Good Neighbor Authority. The Good Neighbor Authority allows the Forest Service and Department of Interior to enter into cooperative agreements or contracts with the states to perform watershed restoration and forest management services on federal public lands. 16 U.S.C. § 2113a.

Consolidated Appropriations Act, 2018. In addition to funding, the 2018 Appropriations Act included several forest management policy reforms, including amendment to existing agency authorizations and regulatory requirements. For example, these changes included amendment to the Healthy Forests Restoration Act of 2003 to include (1) a categorical exclusion from environmental review under NEPA for certain hazardous fuels reduction projects that are no more than 3,000 acres and (2) expansion of the type of projects that qualify under the Healthy Forests Restoration Act to include fuel breaks and firebreaks. Likewise, the 2018 Act expanded the Good Neighbor Authority to include road reconstruction, repair, and restoration in the list of permitted activities. The Act further amended the Federal Land Policy and Management Act to include provisions for additional guidance, planning, and other measures for utility transmission and distribution line vegetation management directed at enhancing grid reliability and reducing wildfire risk.

In addition to amendments to prior agency authorizations, the Act encourages proactive measures to address fire management and innovative utilization of timber resources. In particular, the Act allows the award of 20-year stewardship contracts and provides that the agency may give preference to a contractor that would as part of the contract, promote an innovative use of forest products, including cross-laminated timber.

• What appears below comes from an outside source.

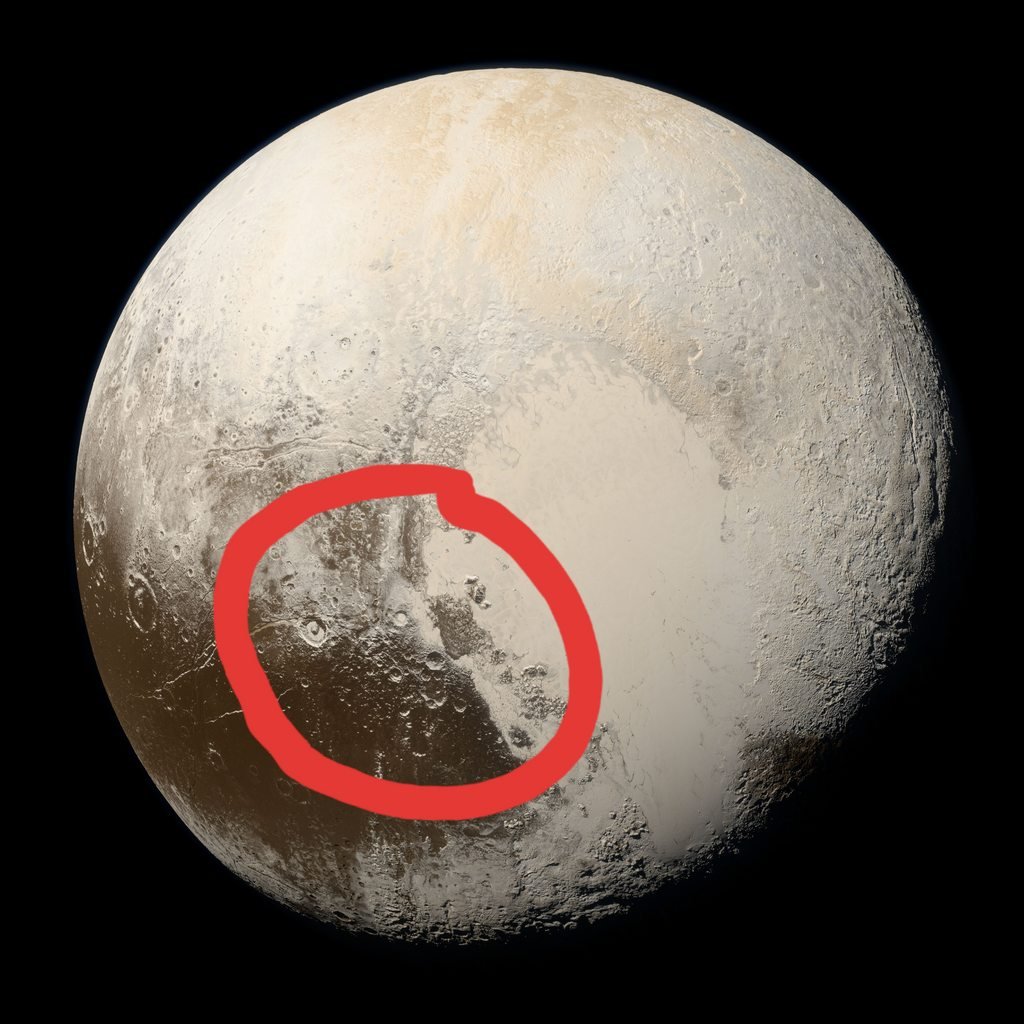 Год на Плутоне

The Act further focuses on development of wildfire hazard severity zone maps for at-risk communities to inform wildfire risk and to prioritize fuels management needs for future planning.

Lastly, the Act exempts the Forest Service from further section 7 Endangered Species Act consultation for existing land management plans unless the plan is 15 years old and 5 years have passed since the ESA listing or critical habitat designation or date of enactment of the Act, whichever is later. This provision overturns the decision in Cottonwood Environmental Law Center v. U.S. Forest Service, which required the Forest Service to reinitiate consultation with the U.S. Fish and Wildlife Service (FWS) to consider changes to its existing land management plan after FWS revised its critical habitat designation for the Canada lynx in National Forests. 789 F.3d 1075 (9th Cir. 2015).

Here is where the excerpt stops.